South
Pacific/Prof.
TYPEE STUDY/REVIEW SHEET
Dear
students: ponder the sequence of review questions below. Tip: if you follow the sequence below, you
could perhaps get a topic and sequence of ideas/stages of analysis for your
paper.
Concentrate
on what I said in class about the oddity of the beginning and end of the
narrative (the dedication to Mr. Law/authority, Melville’s father-in-law judge;
and the Appendix about an iron-handed ship commander, an “idol,” whom the crew
adores!) and the narrative itself which is about (once Tommo gets over his
paranoia) pleasure. Tommo at one point
even quotes Rousseau about the delights of a “healthy, physical existence”

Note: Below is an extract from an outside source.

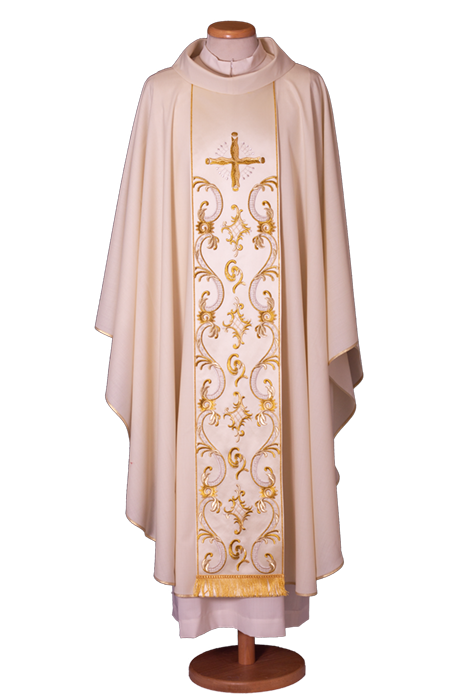 Traditional Chasuble in Pure Wool with Classic Embroidered Stole and Gold Fringe – Elegant Vestment for Solemn Liturgical Celebrations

(find the passage and I’ll give you a book prize!).
Why does
Tommo flee?
--how is
Captain Vangs described?
--is
Tommo’s body, as it were, happy aboard ship?
--is there
law on ship?
What are
some of the virtues of the Typees, according to Tommo?
--property?
--neurosis?
--what is
their morality based on?
--are they
into progress?
What are
some of the negative features?
--do they
understand their own past? Or culture?
--is there
individualism?
--is taboo/tattooing
a choice?
--Kory-Kory
in jail passage
You know
your culture’s laws (they are written down somewhere); how do the Typees know
their laws?
--does
Tommo think the Typees have (rational) laws?
--when does
Tommo get a headache?
If basic
story is: flee tyranny, only to discover a different tyranny, what is the point
of the Appendix?
SUMMARY
OF NON-WRITTEN NATIVE LAW
Typee “common-sense law” = law of the heart: precepts graven on
every breast
complex taboo law =too complex for Tommo so
he dismisses it/mocks it as superstition, etc.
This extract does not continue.